Developed and agreed at a UCL staff-student open meeting 5th June 2018, and finalised on 13th June. We have now launched our campaign, UCL: Stop Policing International Students.

As staff and students at UCL, we recognise that international students lie at the heart of our institution. International students make an invaluable contribution to UCL’s dynamic intellectual climate and the important diversity of our university community. These are priorities which are consistent with UCL’s Global Engagement Strategy, including its commitment to cultivating international outlooks and sharing academic expertise for solving global problems through extending the reach of our teaching, research, and academic partnerships.

Since 2012, universities have been increasingly involved in monitoring the compliance of international students on Tier 4 visas.

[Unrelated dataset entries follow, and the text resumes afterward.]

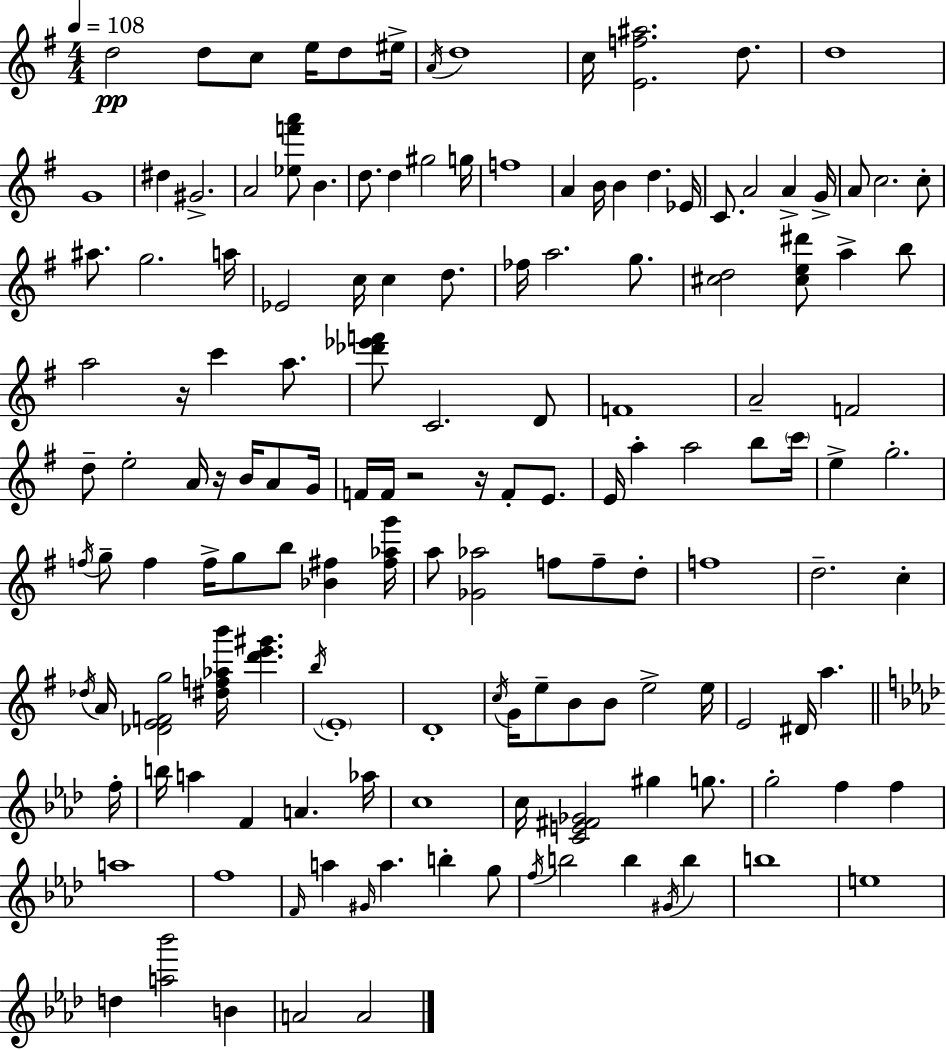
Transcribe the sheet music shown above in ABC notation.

X:1
T:Untitled
M:4/4
L:1/4
K:Em
d2 d/2 c/2 e/4 d/2 ^e/4 A/4 d4 c/4 [Ef^a]2 d/2 d4 G4 ^d ^G2 A2 [_ef'a']/2 B d/2 d ^g2 g/4 f4 A B/4 B d _E/4 C/2 A2 A G/4 A/2 c2 c/2 ^a/2 g2 a/4 _E2 c/4 c d/2 _f/4 a2 g/2 [^cd]2 [^ce^d']/2 a b/2 a2 z/4 c' a/2 [_d'_e'f']/2 C2 D/2 F4 A2 F2 d/2 e2 A/4 z/4 B/4 A/2 G/4 F/4 F/4 z2 z/4 F/2 E/2 E/4 a a2 b/2 c'/4 e g2 f/4 g/2 f f/4 g/2 b/2 [_B^f] [^f_ag']/4 a/2 [_G_a]2 f/2 f/2 d/2 f4 d2 c _d/4 A/4 [_DEFg]2 [^df_ab']/4 [d'e'^g'] b/4 E4 D4 c/4 G/4 e/2 B/2 B/2 e2 e/4 E2 ^D/4 a f/4 b/4 a F A _a/4 c4 c/4 [CE^F_G]2 ^g g/2 g2 f f a4 f4 F/4 a ^G/4 a b g/2 f/4 b2 b ^G/4 b b4 e4 d [a_b']2 B A2 A2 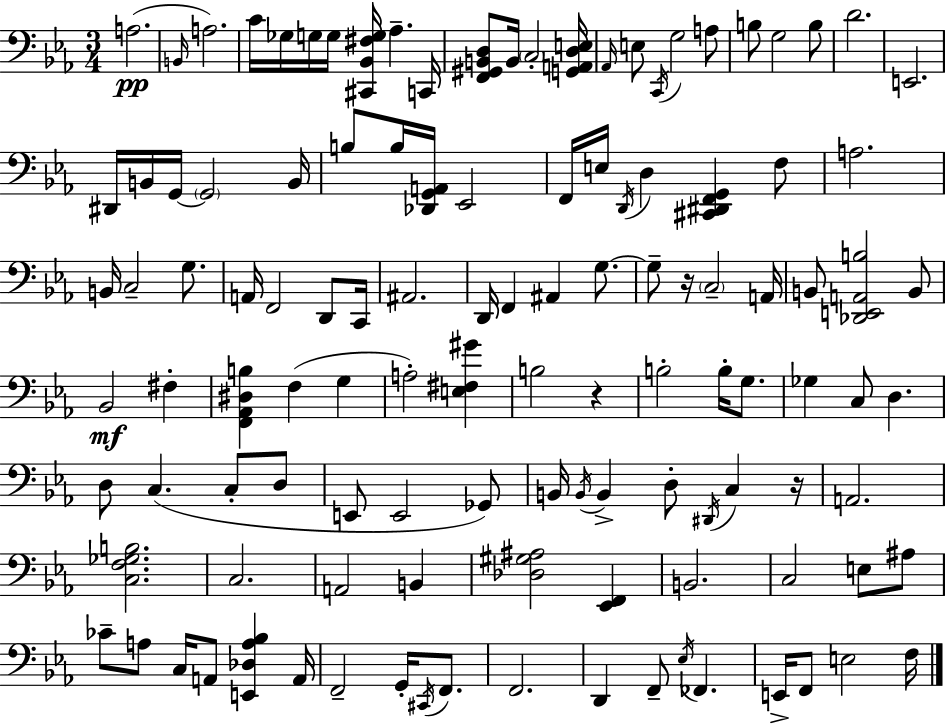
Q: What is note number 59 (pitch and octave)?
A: B3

Staff across the university sector have raised concerns that such processes harm staff-student relationships and turns staff into proxy border guards for the Home Office. While current legal duties are in place, UCL cannot but conform to Home Office requirements. We also, however, have a moral duty to ensure that in doing this we do not foster a climate of suspicion and discrimination against international students.

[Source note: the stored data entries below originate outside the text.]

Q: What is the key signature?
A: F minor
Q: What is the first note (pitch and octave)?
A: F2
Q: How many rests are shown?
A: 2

Unfortunately, recent changes to UCL regulations for staff monitoring and reporting of international students’ compliance with Tier 4 visa requirements are having precisely such pernicious effects. The ‘comprehensive’ monitoring and requirements for increasingly regular, on site, face to face checks put a clearly discriminatory burden on international students that exceeds the UK Visa and Immigration (UKVI) Tier 4 guidance requirements. As the UK Council for International Student Affairs’ document Tier 4 Compliance: A Practical Guide states, it is inappropriate to put in place monitoring processes that are not directly linked to academic activities or that place additional burdens on either staff or students (p. 28).

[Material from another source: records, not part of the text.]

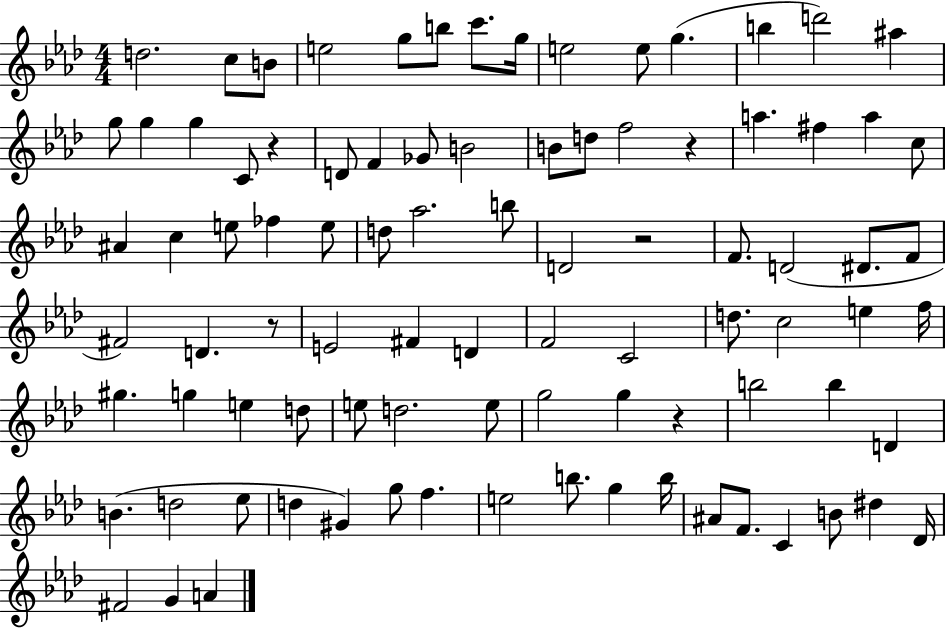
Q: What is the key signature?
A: AES major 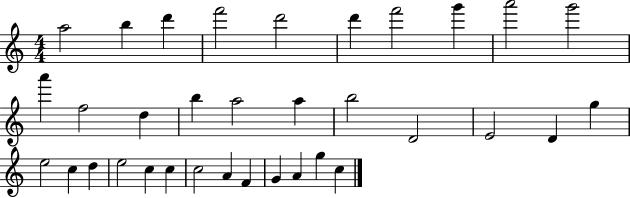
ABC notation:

X:1
T:Untitled
M:4/4
L:1/4
K:C
a2 b d' f'2 d'2 d' f'2 g' a'2 g'2 a' f2 d b a2 a b2 D2 E2 D g e2 c d e2 c c c2 A F G A g c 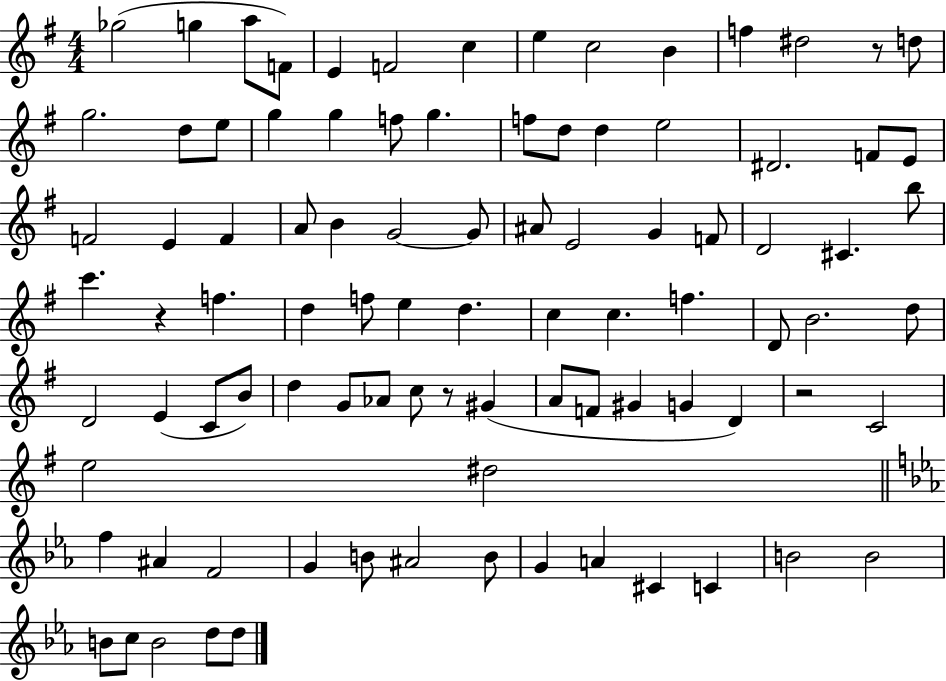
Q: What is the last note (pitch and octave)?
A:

In addition, as colleagues noted in a May 24th letter to the Provost, the current UCL processes: put additional pressure on students at a time when we have increasing evidence about risks to student wellbeing and mental health; take up time of both professional and academic staff in bureaucracy that is irrelevant to and in conflict with the task of supporting learning and research; and build a culture of mistrust, putting at risk what should be a relationship of mutual respect between students and the university.

While UCL is required to carry out Tier 4 monitoring duties, it is crucial that does so in line with the following principles:

  • Principle of minimalism: UCL should be doing the minimum necessary to meet the UKVI compliance requirements in order to keep its sponsorship status, not enlarging or exceeding the scope of what is legally required.
  • Principle of non-discrimination: All students should be treated equally in relation to attendance and supervision requirements regardless of their immigration status. International students should not be subject to differential treatment or expectations than home students.
  • Principle of academic integrity: The requirement of UKVI is that universities should be able to demonstrate students are engaged with their programmes of study, as these have been designed based on academic principles; academic programmes should not have to be re-designed to fit non-academic, immigration policy requirement.
  • Principle of transparency: Policy changes should be developed and communicated in a way that ensures transparency and consistency: the justification for changes should be clear and based on appropriate consultation with legal advisors and with UCL staff and students; there should be clarity as to how UCL is interpreting UKVI requirements; and students and staff in different faculties/departments should receive consistent guidance.​
  • Principle of digital education: UCL has embraced the goal of being a world leader in digital education. Students and staff should be able to engage with one another, and with programmes of study, digitally: physical presence on campus and pen and ink documents should not be given preference over digital engagement and documentation, except where these are motivated by core academic goals and principles.
  • Principle of ethical and critical engagement: UCL must put the principles of ethical and critical engagement into practice in relation to requirements for HEI immigration monitoring and directly challenge the Home Office when guiding principles of equity, respect and academic values come into conflict with the minutiae of bureaucratic requirements.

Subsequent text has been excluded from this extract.